What is being asked – Output the data below exactly, without images.

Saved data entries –
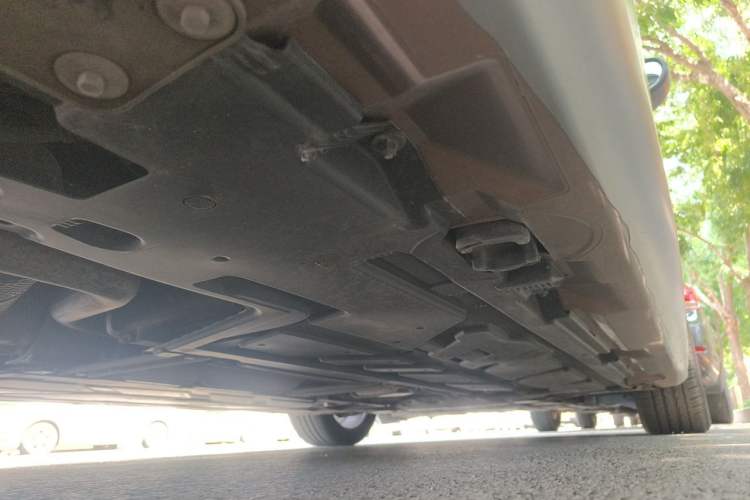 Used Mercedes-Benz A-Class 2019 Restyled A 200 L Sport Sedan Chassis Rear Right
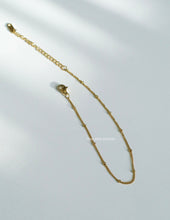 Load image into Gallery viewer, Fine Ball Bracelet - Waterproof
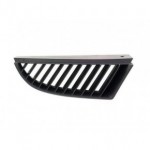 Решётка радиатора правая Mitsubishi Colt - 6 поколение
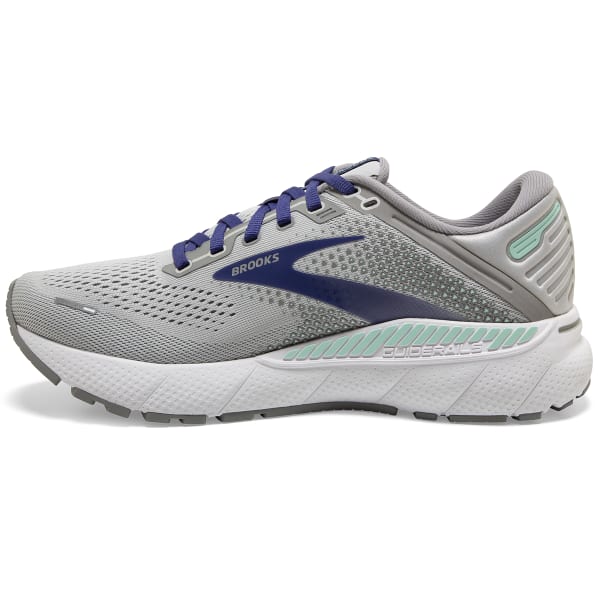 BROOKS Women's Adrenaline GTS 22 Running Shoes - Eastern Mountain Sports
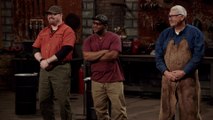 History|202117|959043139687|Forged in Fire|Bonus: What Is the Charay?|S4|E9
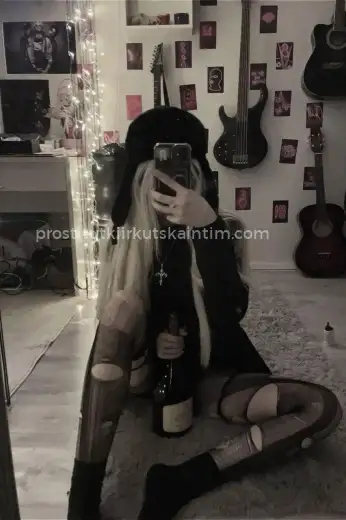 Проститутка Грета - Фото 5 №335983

Output below –
 Used Mercedes-Benz A-Class 2019 Restyled A 200 L Sport Sedan Chassis Rear Right
 Load image into Gallery viewer, Fine Ball Bracelet - Waterproof
 Решётка радиатора правая Mitsubishi Colt - 6 поколение
 BROOKS Women's Adrenaline GTS 22 Running Shoes - Eastern Mountain Sports
 History|202117|959043139687|Forged in Fire|Bonus: What Is the Charay?|S4|E9
 Проститутка Грета - Фото 5 №335983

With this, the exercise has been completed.